> Task goal
Omit every picture while you reproduce the entries that follow word for word.

Scraped caption text data
□ □ □ □ □ □ □

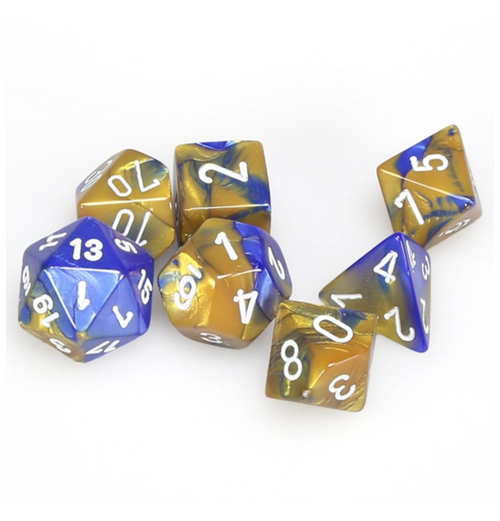 Gemini™ – Polyhedral Blue-Gold w/white 7-Die Set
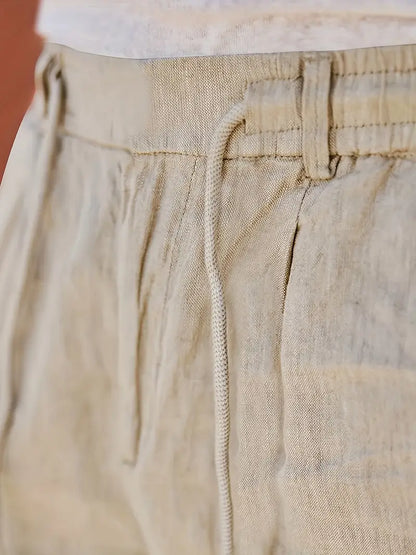 NICHOLS - WIDE LEG LINEN PANTS WITH DRAWSTRING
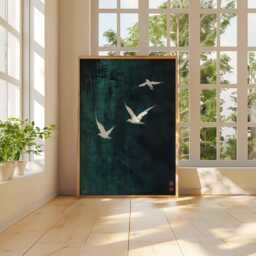 Birds in Flight Poster Art Print, Abstract Bird Wall Art, Green & White Modern Decor, Minimalist Nature Large - thumbnail 3
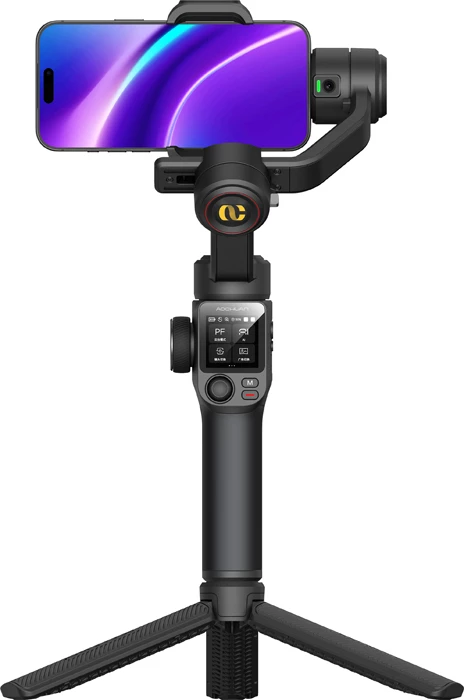 Gimbal stabilizator AOCHUAN Smart S3, 3-aks, AI Sensor, 360° tracking, dritë LED, set me tripod + çantë, i zi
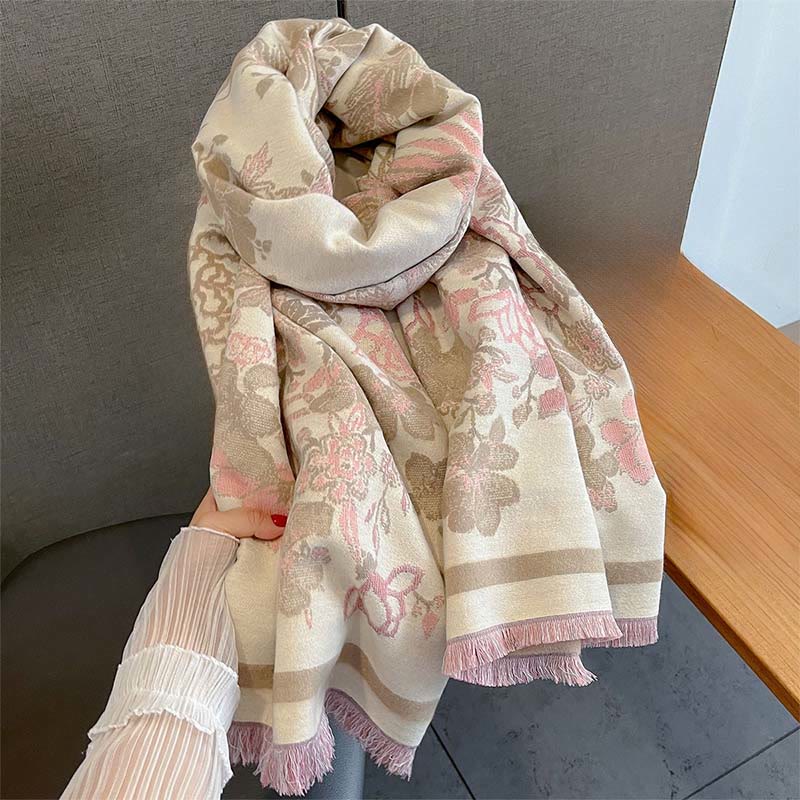 Buddha Stones Fall Phoenix Flowers Pattern Soft Scarf Shawl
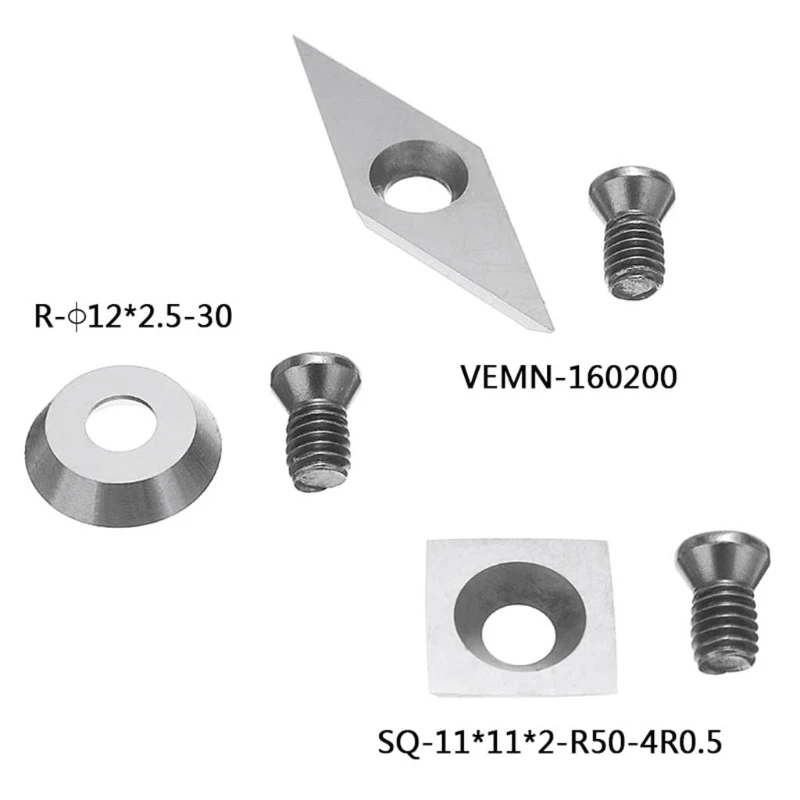 

3 Pieces Handhold Carbide Cutters Inserts Set for Wood Lathe Turning Tools High Hardness Blades Supplied with 3 Screws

□ □ □ □ □ □ □

> Solution to this task
 Gemini™ – Polyhedral Blue-Gold w/white 7-Die Set
 NICHOLS - WIDE LEG LINEN PANTS WITH DRAWSTRING
 Birds in Flight Poster Art Print, Abstract Bird Wall Art, Green & White Modern Decor, Minimalist Nature Large - thumbnail 3
 Gimbal stabilizator AOCHUAN Smart S3, 3-aks, AI Sensor, 360° tracking, dritë LED, set me tripod + çantë, i zi
 Buddha Stones Fall Phoenix Flowers Pattern Soft Scarf Shawl

3 Pieces Handhold Carbide Cutters Inserts Set for Wood Lathe Turning Tools High Hardness Blades Supplied with 3 Screws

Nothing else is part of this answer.